Bible Study Group - "Share Your Own Unique Story" - Tuesday, March 24, 2020
Matthew 21:18-22 (NIV) 18 Early in the morning, as Jesus was on his way back to the city, he was hungry. 19 Seeing a fig tree by the road, he went up to it but found nothing on it except leaves. Then he said to it, "May you never bear fruit again!" Immediately the tree withered. 20 When the disciples saw this, they were amazed. "How did the fig tree wither so quickly?" they asked. 21 Jesus replied, "Truly I tell you, if you have faith and do not doubt, not only can you do what was done to the fig tree, but also you can say to this mountain, 'Go, throw yourself into the sea,' and it will be done. 22 If you believe, you will receive whatever you ask for in prayer."
Today's scripture talks about Jesus' cursing on a tree.
After reading this scripture, these are the questions that came up in my mind.
How come can Jesus curse a tree on not having a fruit?
Is Jesus the one who cares about the fruits and results?
Did Jesus get upset that there is no fruit because He was so hungry?
But, as I studied on the background of this scripture, the fruit Jesus was talking about is not the final fruit or ripe fruit of the tree, but it was something like nubs of fruit as evidence of its imminent crop.
In other words, Jesus was talking about what the tree is supposed to have in the Spring season. It was not necessary to be a full fruit or ripen fruit but something in the process that is going to ripen fruit in Fall.
Jesus was not talking about the fruit as a result but as a process.
In other words, Jesus was talking about faithfulness, not fruitfulness.
As we live in a capitalistic society, we encounter the issue of the results or possession, such as we might concern how rich he or she is or how much he or she possesses.

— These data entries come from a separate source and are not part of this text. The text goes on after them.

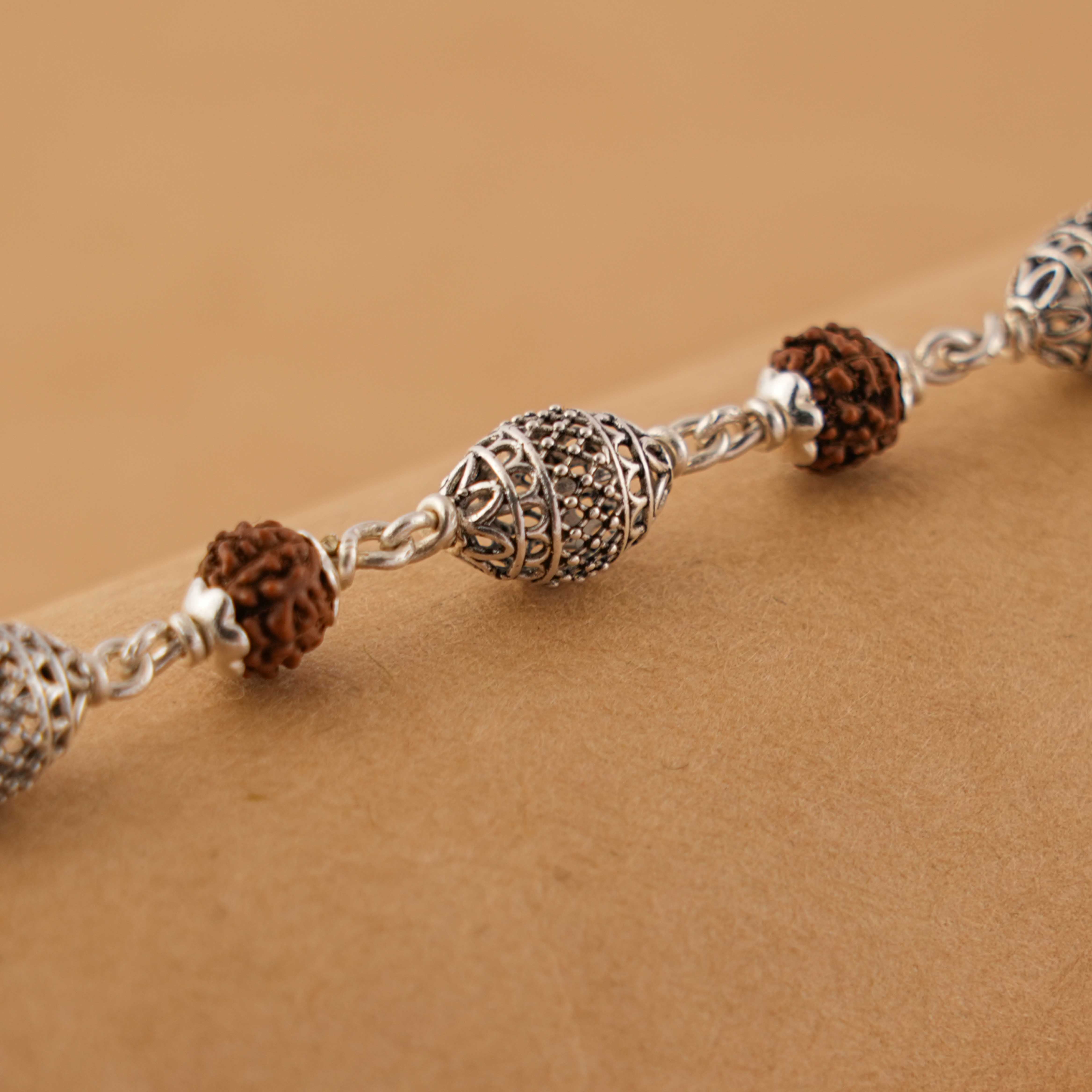 Rudraksha cylindrical silver – Prinjal Jewellers Rudraksha and Cylindrical Silver Beads Bracelet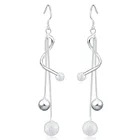 Модные серьги из стерлингового серебра 925 пробы, висячие серьги с проточной водой, очаровательные ювелирные изделия для дочери, подарок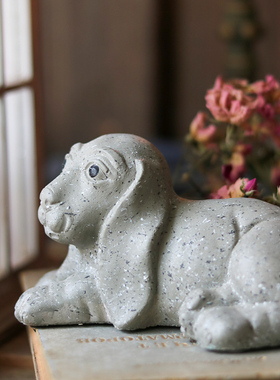 水泥趴趴狗北欧风杂货装饰摆件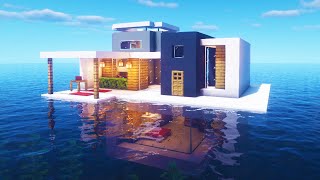 Minecraft Tutorial How To Make A Modern House on The Water With a Hidden Base quot2020 Tutorialquot [upl. by Hgielrahc]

Some people might think that the person who has a good result is better than the person who has a bad result. But, this is a totally secular perspective.
How does God's perspective differ from the secular one? It is something like this. We measure our height from the ground. But, God's perspective is like measuring our height from the sky. For example, if you measure from the ground, Daniel is taller than me now. But if God measures our heights from the sky. I am taller than Daniel. Does it make sense?

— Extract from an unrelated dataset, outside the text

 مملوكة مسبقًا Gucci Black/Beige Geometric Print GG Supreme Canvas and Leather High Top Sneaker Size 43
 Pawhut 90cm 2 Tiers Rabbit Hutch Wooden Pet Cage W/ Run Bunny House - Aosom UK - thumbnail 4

Do you remember the illustration of the Kingdom of Heaven with the story of servants with different amounts of talents in Matthew 25?

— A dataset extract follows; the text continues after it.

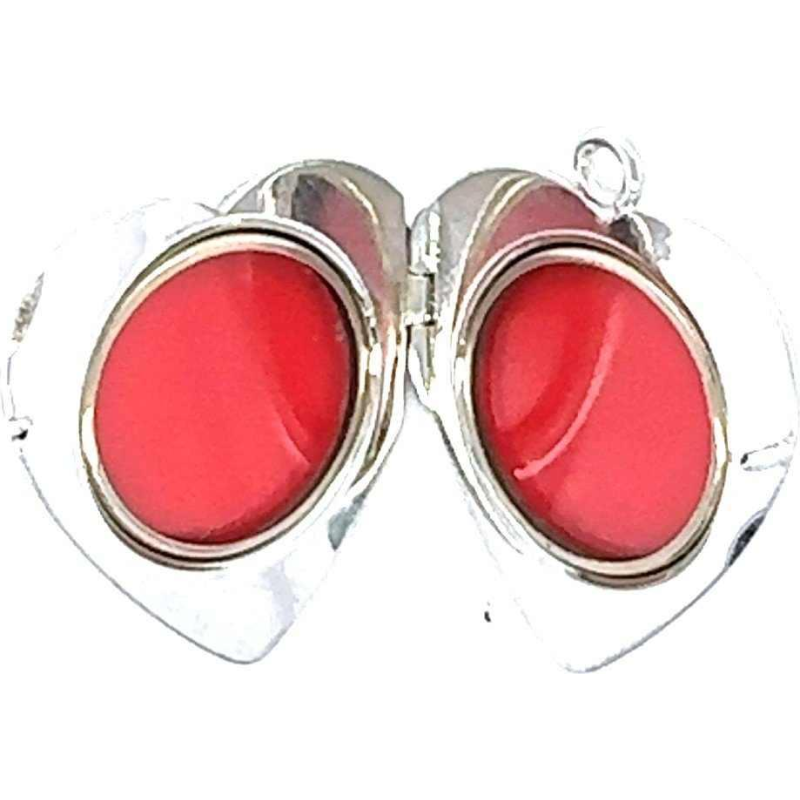 Antique 18kt White Gold Heart Pendant, photo holder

The owner gave five talents, two talents, and one talent to his servants, depending on the servant's abilities. When he came back from his trip. he praised the servants who came with the profits of two talents and five talents with exact same words,
"Well Done, my good and faithful servant. You've been faithful in handling this small amount, so now I will give you many more responsibilities. Let's celebrate together!" (Matthew 25:21 & 23)
If the principle of the Kingdom of Heaven was based on Capitalism, the owner should have praised the servant who brought five talents more than the servant who brought two talents. But, this illustration of the Kingdom of Heaven shows God's perspective that focuses on faithfulness rather than fruitfulness.
Jesus was always concerned about faithfulness in many other situations in the Bible. As we have lived in a capitalistic society, we are used to seeing, think, and measure things from a capitalistic perspective. But, we, as the people of God, need to remember that we are the people who see, listen, think, and act based on Kingdom's perspective and virtues.
I hope and pray that we are able to look at our own perspective, standards, values if they are based on the Kingdom's perspective or secular or capitalistic perspective.
I wish all of you can share your own unique meditation with the companions in Christ so that all of us can be blessed by all of our unique insight and meditation.